There is the ‘Skylark Girl’ where Kashyap has his readers  meet the Assamese writer Sanjib who happens to be at a conference in Delhi. He evokes the magical fable of ‘Tejimola’, the girl who sprouted leaves. But Lutyens’ English-speaking chatterati cannot figure out why this writer-fellow from Assam cannot stick to the familial. Why can’t he just stick to the well-worn wheel-ruts of insurgency and its resultant travails.
Perhaps he should have written about the things that people are used to. But much has changed, even as things remain the same.

There’s the girl who is murdered and buried but returns again and again from her grave, this time turned into a ghost creeper. One last time, the scheming stepmother chops down the offending creeper but ‘the seeds of the gourd plant flew around… there were 459 large gourds, 92 immature ones and 3,045 flowers’. Furtively, she buries the shredded mess in a corner of the garden. Out of that heap grows a reddish elephant lime. But when the village boys pluck the limes, the tree begins to sing: ‘Tejimola is back’. Authors all over the Northeast have used this story; for example, there’s a Mizo writer who begins this story the day the Indian Air Force bombed its own people in the state of Mizoram. In this tale, Tejimola is a trapped skylark in a cage before the spell is broken.
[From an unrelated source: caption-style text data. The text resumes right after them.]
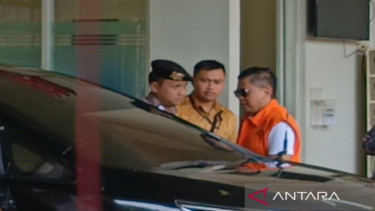 Sekjen PDIP Hasto Kristiyanto (kanan) saat sempat keluar Rumah Tahanan KPK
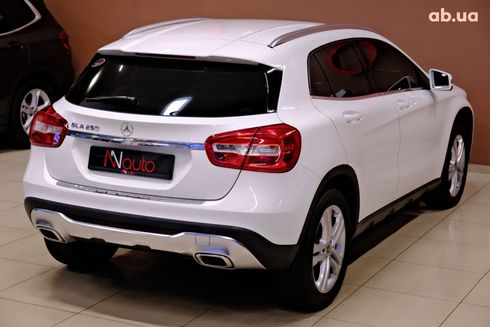 Mercedes-Benz GLA-Класс 2018 белый - фото 5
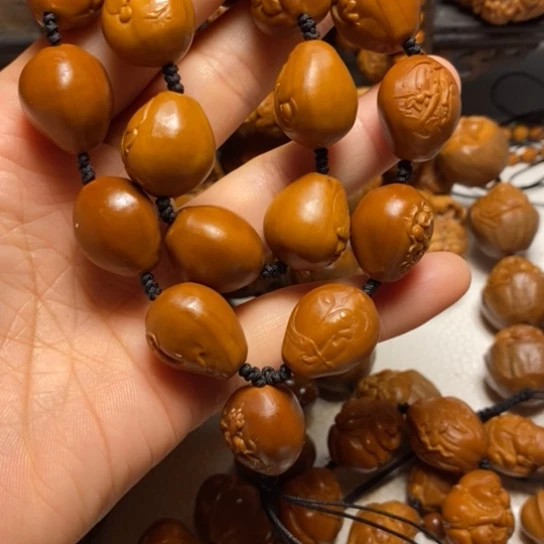 橄榄核核雕放****·无相佛手持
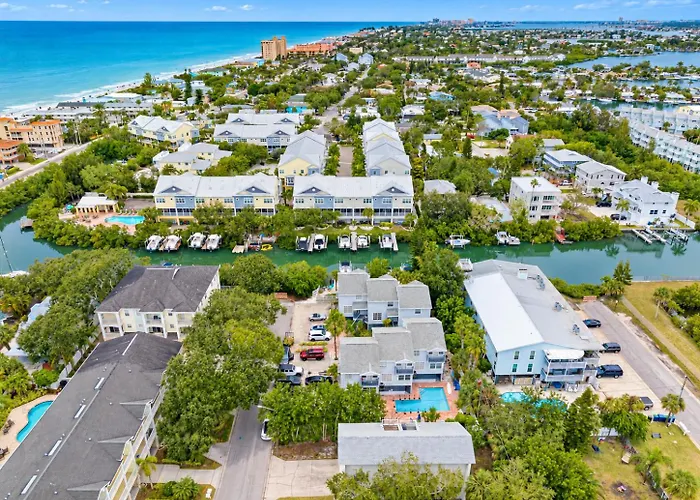 Gorgeous Townhouse One Block Away To Beaches! Holiday home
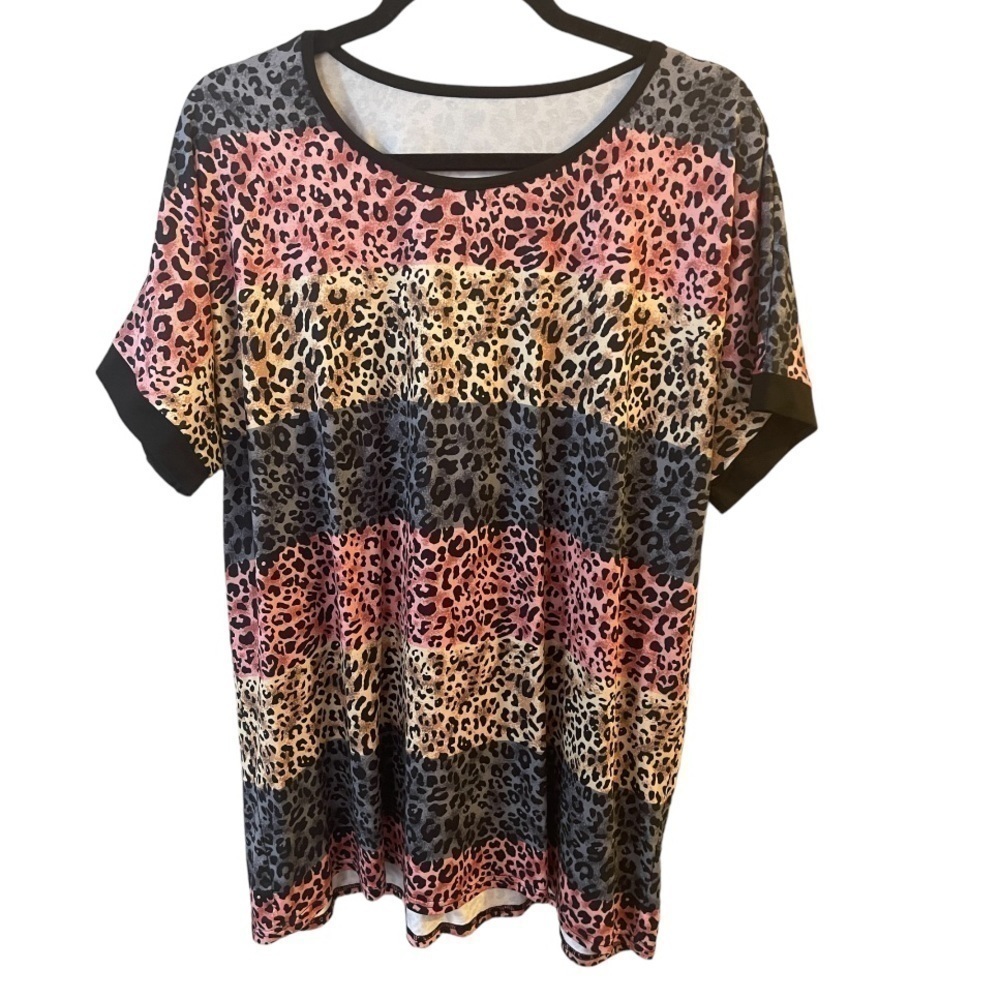 BOUTIQUE PURCHASED ANIMAL PRINT S/S TOP SIZE 2XL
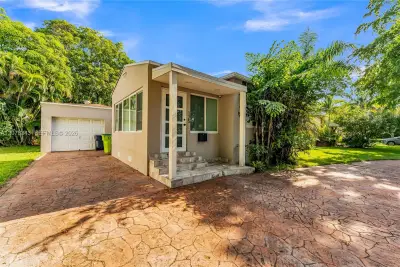 125 NW 88th St, El Portal: photo 1 of 45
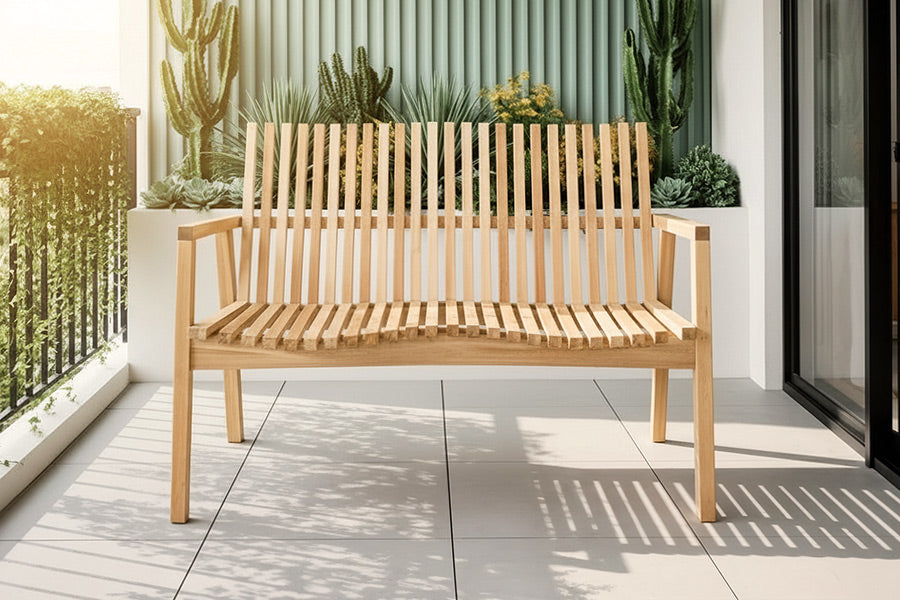 banco flutua ambientado na varanda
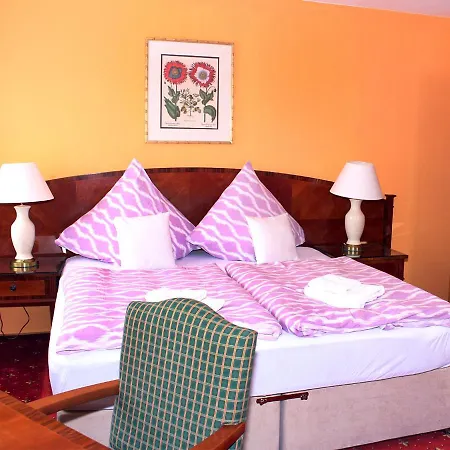 Hotel Neustaedter Hof-3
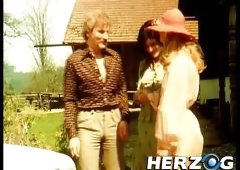 Beautiful Babe Masturbates On The Bed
Or take ‘Before the Bullet’, which reveals the heartlessness of that fiery piece of lead that has your name written on it. An America-return desi is heading home on a bicycle, unaware that all men must dismount as they walk past an army camp. He does not get off his bicycle. That’s enough to enrage the troopers to press the trigger. It seems so easy in a place brutalised by violence.

Then there is ‘The Umricans’ that takes you on a trip into the lonesome lives of those who leave behind the snugness of home for foreign forelorn shores. The urge to break out is great.Watch out for this new voice from a lesser known corner of our country.